Migration Guide v1.1 -> v2.0

For v2.0, the library was rewritten and redesigned in its entirety. The new design is more focused and powerful, and closer to std::format than previously.

This guide isn't exhaustive, because the changes are very extensive, but should be enough to get you started.

C++17 required

v1 required C++11 in order to compile. v2, at least at this point, requires C++17.

Header files changed

The base header is renamed from <scn/scn.h> in v1 to <scn/scan.h> in v2.

To get support for wchar_t input, include <scn/xchar.h>. This is done to ease compile times.

"scan_" prefix added to many names

To prepare for standardization, in v2, many names have the prefix scan_, or otherwise indicate being related to scanning.

Changes include:

v1	v2
`scn::error`	`scn::scan_error`
`scn::basic_arg`, `scn::basic_args`, `scn::arg_store`	`scn::basic_scan_arg`, `scn::basic_scan_args`, `scn::scan_arg_store`
`scn::basic_context`	`scn::basic_scan_context`, `scn::scan_context`
`scn::basic_parse_context`, `scn::parse_context`	`scn::basic_scan_parse_context`, `scn::scan_parse_context`

Argument passing and return value

The largest change is in how values are returned from scn::scan and other scanning functions.

In v1, values were passed to scn::scan by lvalue reference as out parameters. The return value was used to get information about the leftover input data, and about possible errors.

int i;
std::string str;
auto result = scn::scan("123 input", "{} {}", i, str);

In v2, the values are returned from scn::scan, wrapped in an scn::expected. The types of the arguments are given in an explicit template parameter list, instead of being deduced from the given arguments.

auto result = scn::scan<int, std::string>("123 input", "{} {}");
if (result)
auto& [i, str] = result->values();

The result value above is truthy when the operation was successful. Use result->range() to get a subrange over the unparsed input, result->begin() and result->end() to get the beginning and the end of that range, respectively, and result->values() to access the parsed values through a std::tuple. If only a single value is read, result->value() can be used to access it directly. If result contains an error, use result.error() to access it.

No more "indirect" ranges: revamped source range error handling

The notion of "indirect" ranges from v1 is removed in v2. Indirect ranges were source ranges, the value type of which was scn::expected<CharT>, instead of CharT. This was to enable source ranges to report their own errors to the library, and for it to pass them forward to the user. In v2, the value type of the source range must either be char or wchar_t.

This approach was arguably against the principles of Ranges, and made a lot of things more complicated than they needed to be.

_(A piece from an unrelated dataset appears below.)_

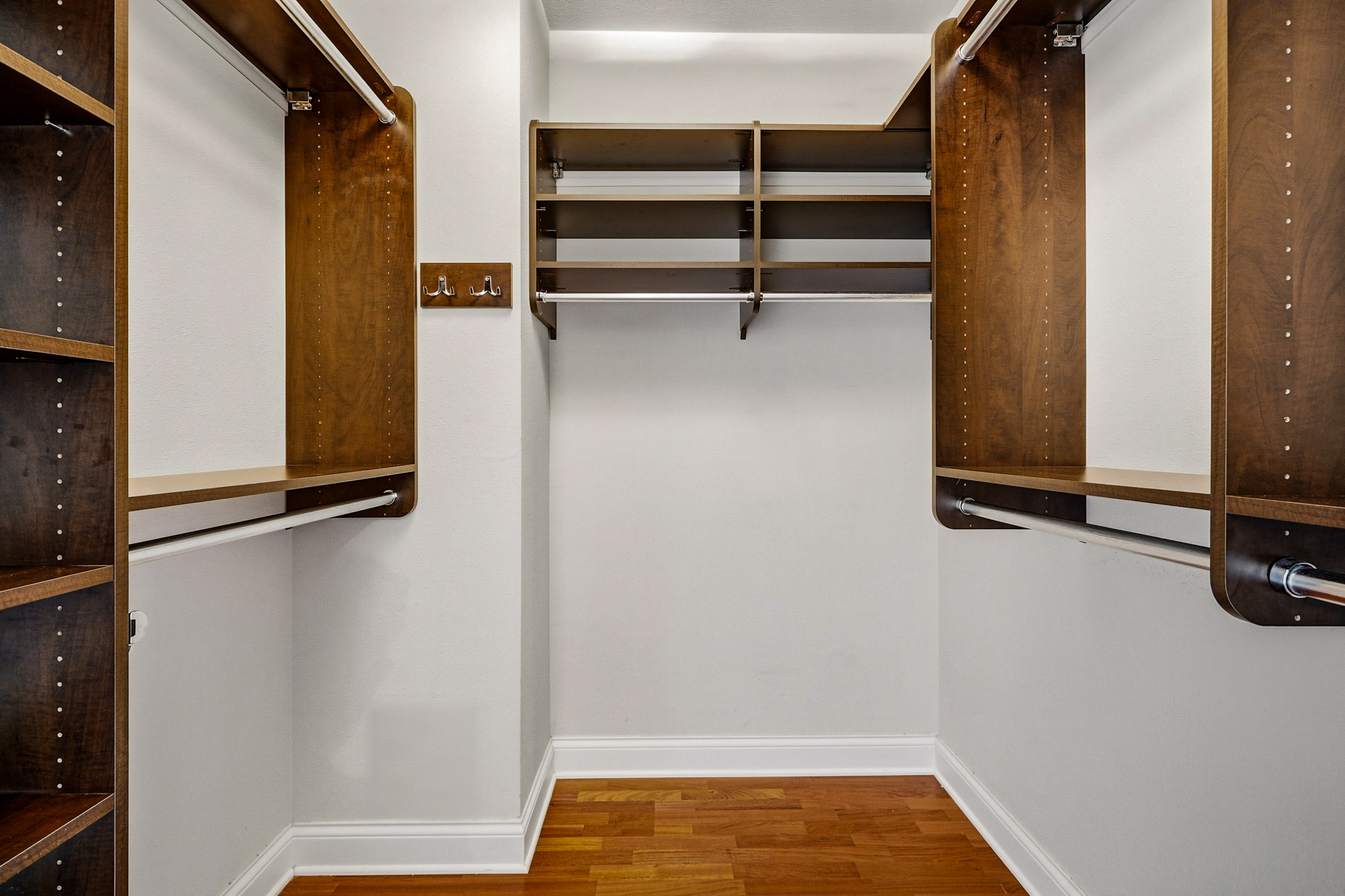 606 W. Wisconsin Ave. Unit 1801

In v2, the separation of I/O and input parsing is more clearly separated. scnlib is not intended to be an I/O library, and that it shan't try to be. In the optimal case, if I/O needs to be performed to fetch the data to be passed to scnlib, that is done by the user, to ensure proper behavior and error recovery. Also, when scnlib is given plain contiguous strings as input, instead of more complicated ranges, a number of optimizations are enabled.

std::string input;
std::getline(file, input);

auto result = scn::scan<int>(input, "{}");

If doing your own I/O isn't possible, or is for some reason unfeasible, some other options are available:

1) A FILE* can be given as the source to scn::scan, or in the case of stdin, scn::input can be used.

1) A scn::basic_istreambuf_view/scn::basic_istreambuf_subrange can be given as a source range to scn::scan. These types wrap an arbitrary std::basic_istream/std::basic_streambuf. This can be useful, if you already have a std::basic_istream, and don't want to accidentally read anything extra from the stream, like with std::cin.

auto result = scn::scan<int>(my_file, "{}");

2) Signal errors like any other range signals them: by reaching the end prematurely, or with exceptions (discouraged). If using a custom user-provided range, this is likely the only option.

auto result = scn::scan<int, double>(custom_source_range, "{} {}");
// result can be true, if both the int and the double could be scanned,
// but the given range reached an error condition.
// We need to do the checking ourselves through custom_source_range, through whatever mechanism it provides
if (result && custom_source_range.good()) {
    auto& [i, d] = result->values();
}

// Alternatively, if custom_source_range throws on error
try {
    auto result = scn::scan<int, double>(custom_source_range, "{} {}");
    if (result) {
        auto& [i, d] = result->values();
    }
} catch (const custom_source_range_error& e) {
    // ...
}

Relaxed source range requirements

The set of allowed source ranges to be given to scn::scan is increased in v2, compared to v1.

In v1, a range was scannable, if it was bidirectional, and default and move constructible.

In v2, the range needs to just be a forward_range, and movable.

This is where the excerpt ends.